- _Work order_
The copy should hold exactly the lines below from the one that contains "But each door" through the one that contains "This ends our" and nothing else, so no pictures.

- _Given records_
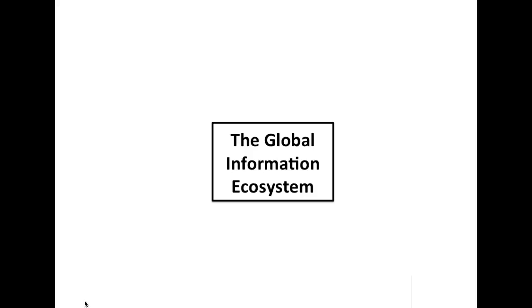Hi, I'm Renee Hobbs. Thanks for joining me today. Our slides were working fine a few minutes ago, but now maybe not. Here we go.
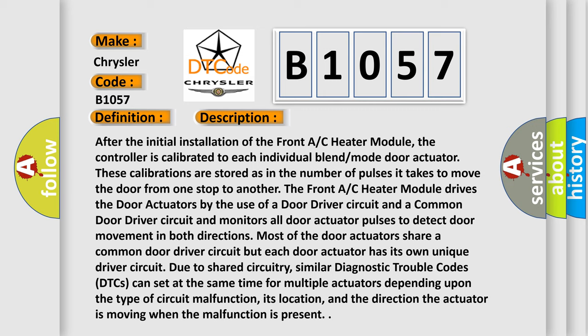But each door actuator has its own unique driver circuit. Due to shared circuitry, similar diagnostic trouble codes can set at the same time for multiple actuators depending upon the type of circuit malfunction, its location, and the direction the actuator is moving when the malfunction is present.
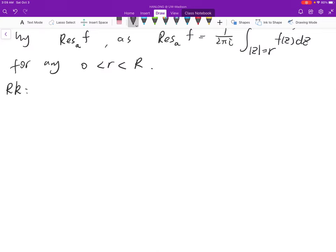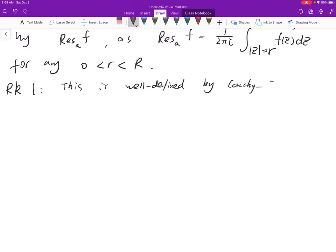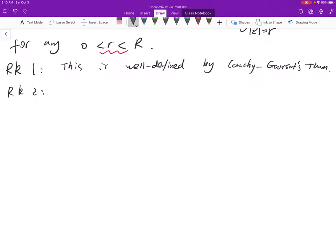Remark one: this definition is well-defined by the Cauchy-Goursat theorem. More precisely, the definition of the residue is independent of the choice of small r, which is the same as the uniqueness of the Laurent series expansion. Remark two: this tells you the close relation between the Laurent series expansion and the residue.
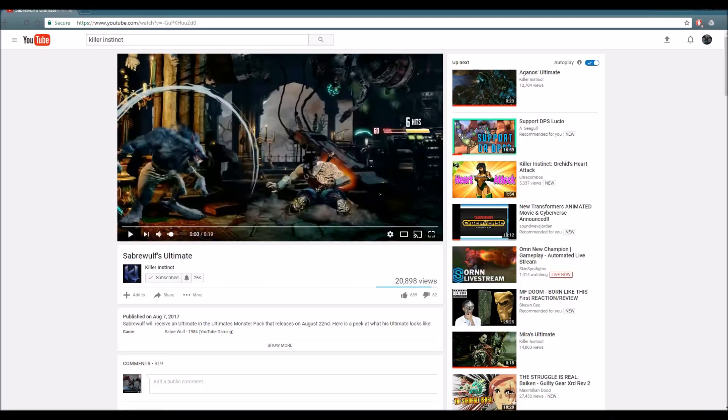What's up guys, this is Sidewave Jordan here and we are back once again with some more gaming news. In today's gaming news, we are going to be talking about Killer Instinct. That's right guys, we are officially back with another Killer Instinct video.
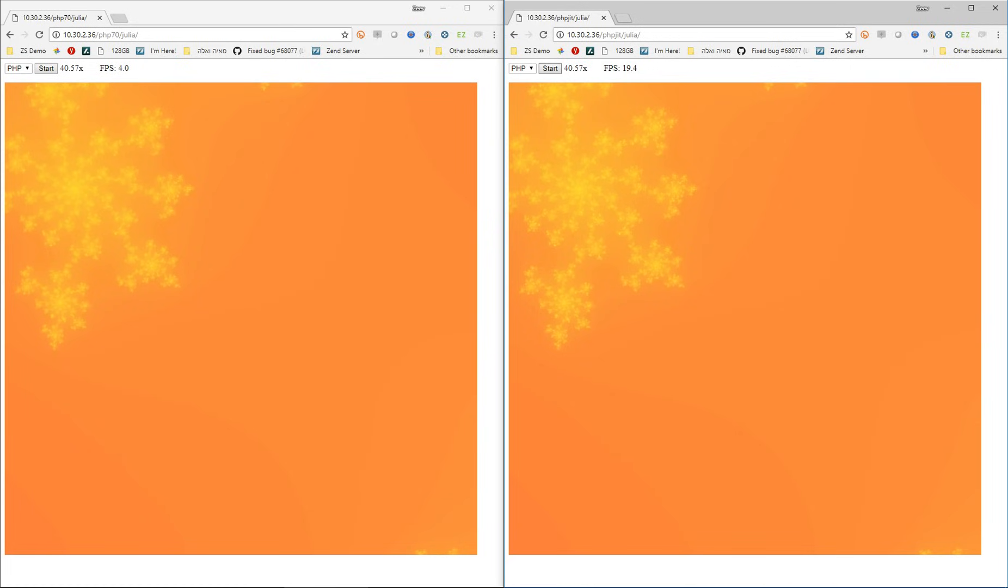Of course PHP 7.2 and 7.3 are faster than PHP 7.0, but still the JIT version is a lot faster.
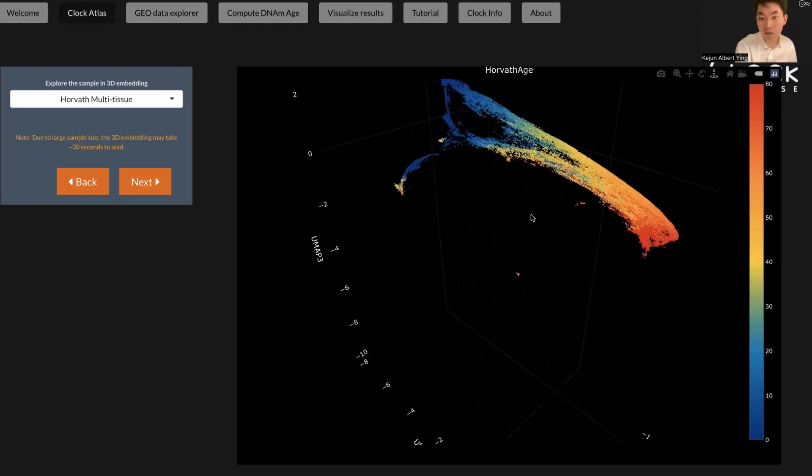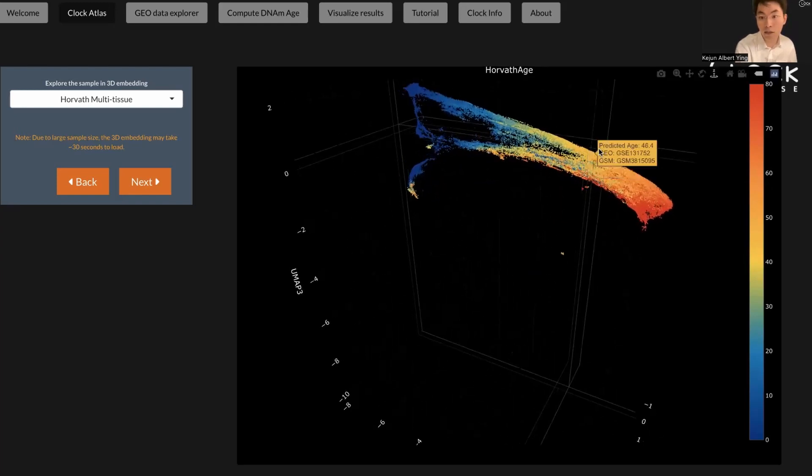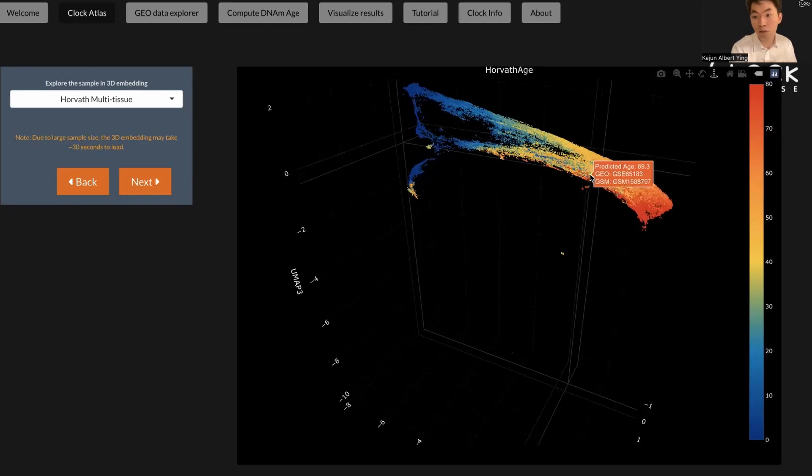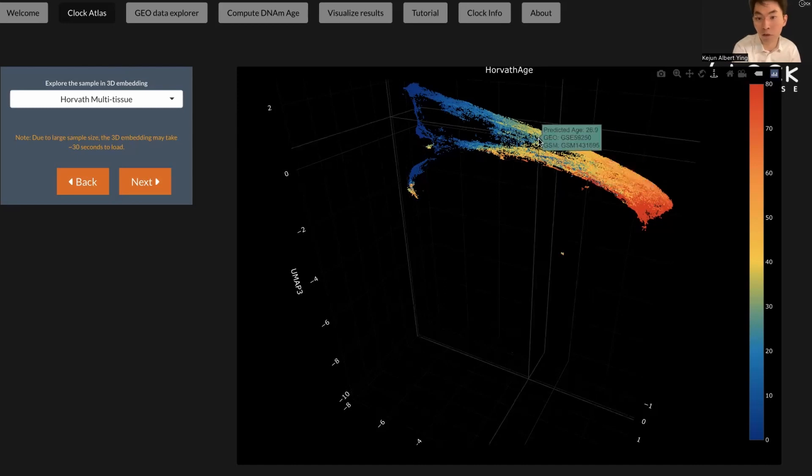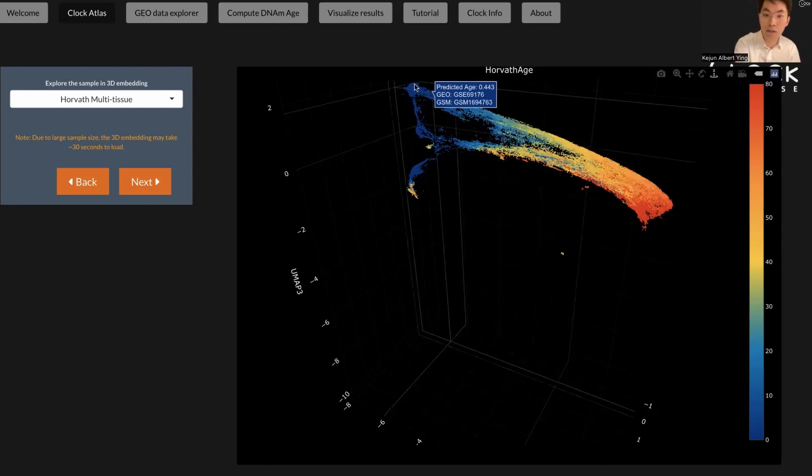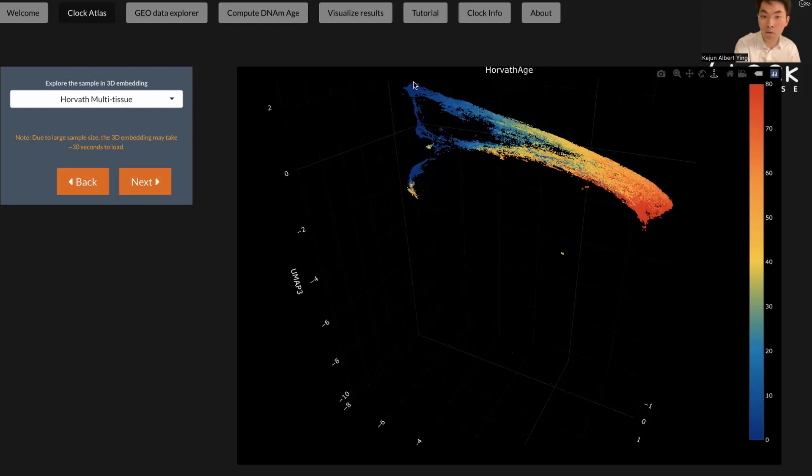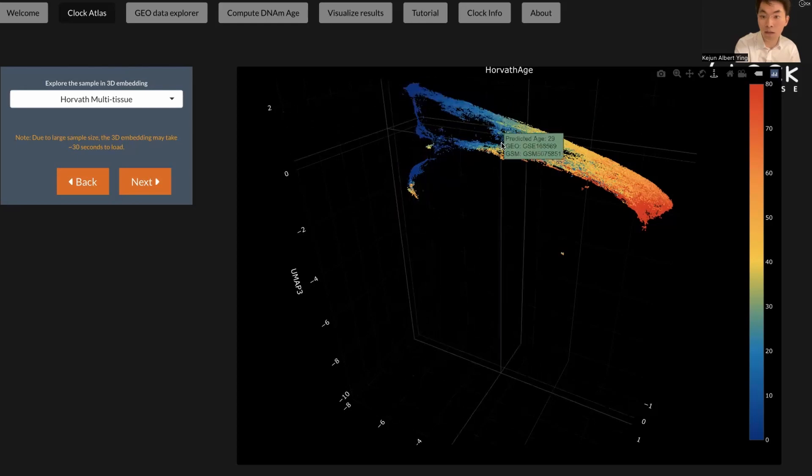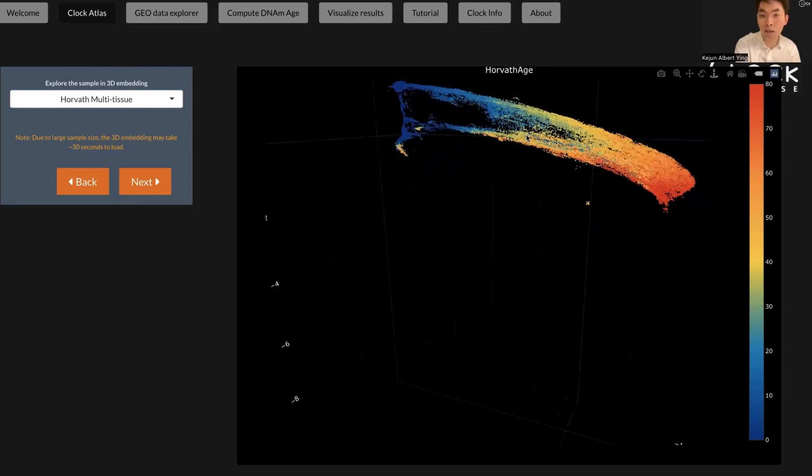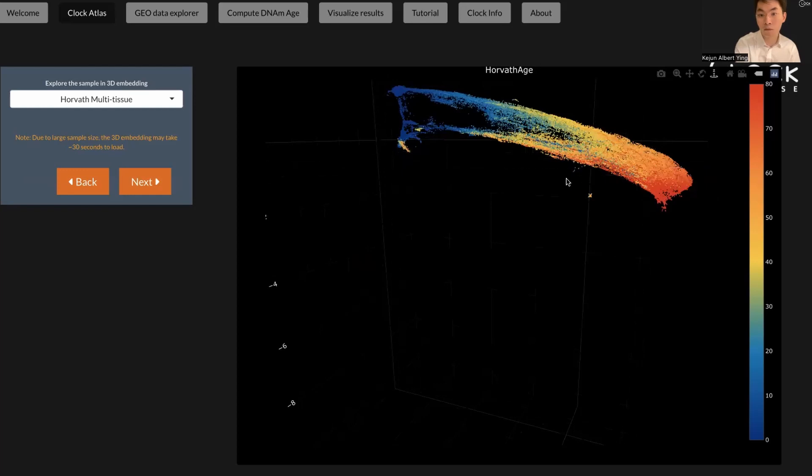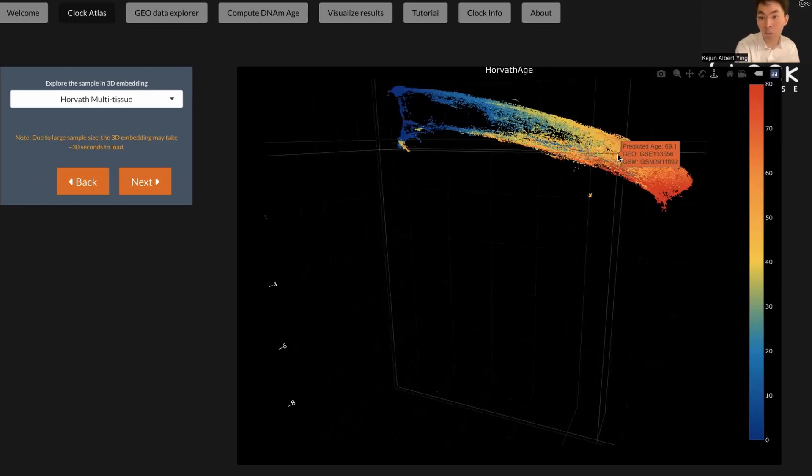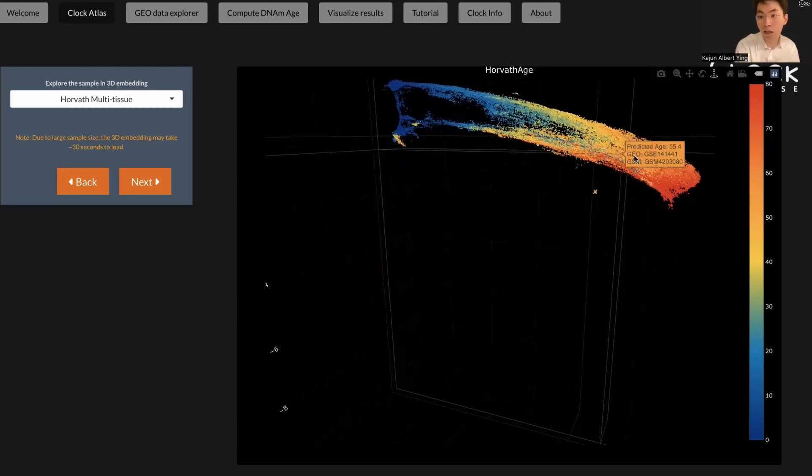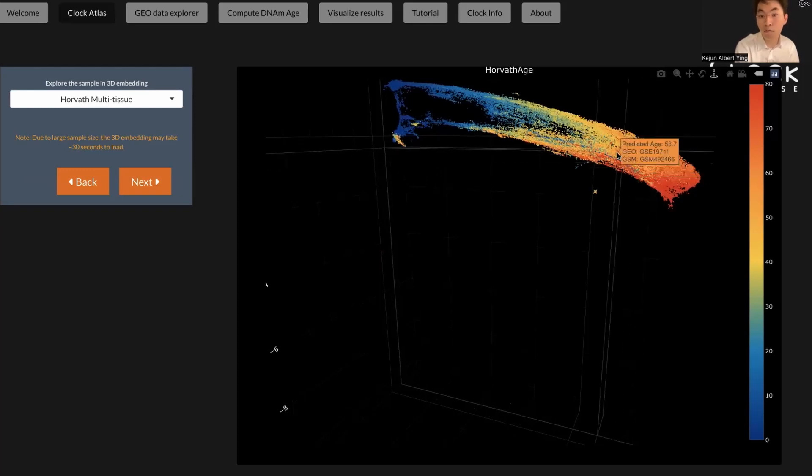Similarly, in this sample, this shows the estimation from, in this example, Horvath's age. Here you can see the young samples are mostly on the left side of this plot, and the old samples are located on the right side. So you can see a very nice trajectory, and you can also see the predicted age and what GEO dataset this sample comes from.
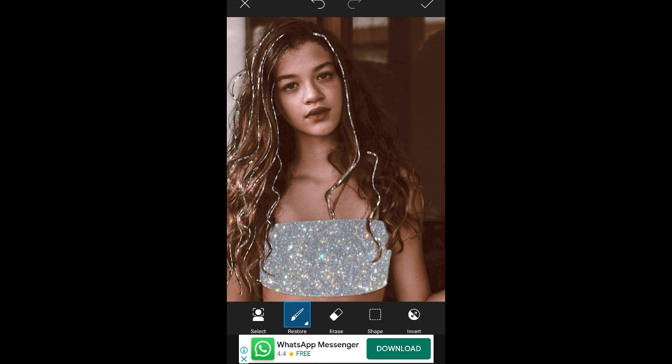I am doing the same to this side, so do not worry — it will be easy once you do it.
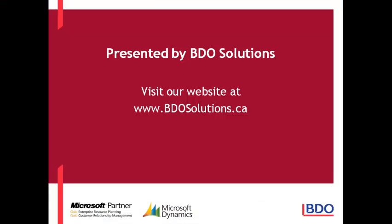This ends our video for today. BDO Solutions thanks you for joining us and please check out our website at www.bdosolutions.ca.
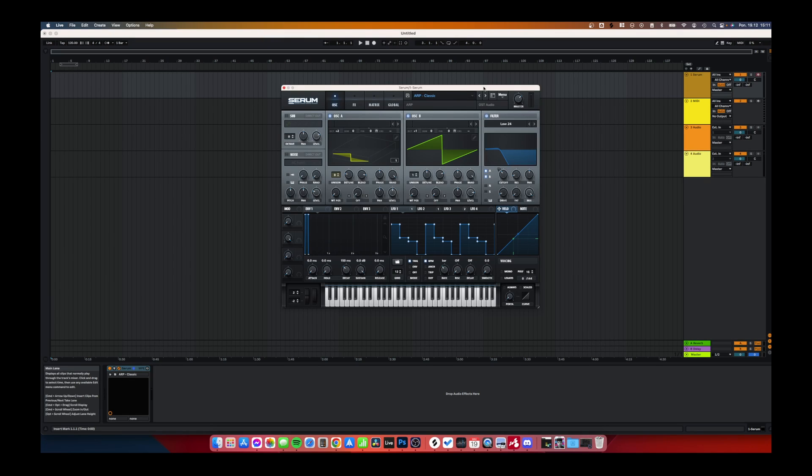Hello guys, today I will show you how to make an arpeggiator sequencer in Serum so you can make sounds like this.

- _Output of the exercise_
But each door actuator has its own unique driver circuit. Due to shared circuitry, similar diagnostic trouble codes can set at the same time for multiple actuators depending upon the type of circuit malfunction, its location, and the direction the actuator is moving when the malfunction is present.
Remark one: this definition is well-defined by the Cauchy-Goursat theorem. More precisely, the definition of the residue is independent of the choice of small r, which is the same as the uniqueness of the Laurent series expansion. Remark two: this tells you the close relation between the Laurent series expansion and the residue.
What's up guys, this is Sidewave Jordan here and we are back once again with some more gaming news. In today's gaming news, we are going to be talking about Killer Instinct. That's right guys, we are officially back with another Killer Instinct video.
Of course PHP 7.2 and 7.3 are faster than PHP 7.0, but still the JIT version is a lot faster.
Similarly, in this sample, this shows the estimation from, in this example, Horvath's age. Here you can see the young samples are mostly on the left side of this plot, and the old samples are located on the right side. So you can see a very nice trajectory, and you can also see the predicted age and what GEO dataset this sample comes from.
I am doing the same to this side, so do not worry — it will be easy once you do it.
This ends our video for today. BDO Solutions thanks you for joining us and please check out our website at www.bdosolutions.ca.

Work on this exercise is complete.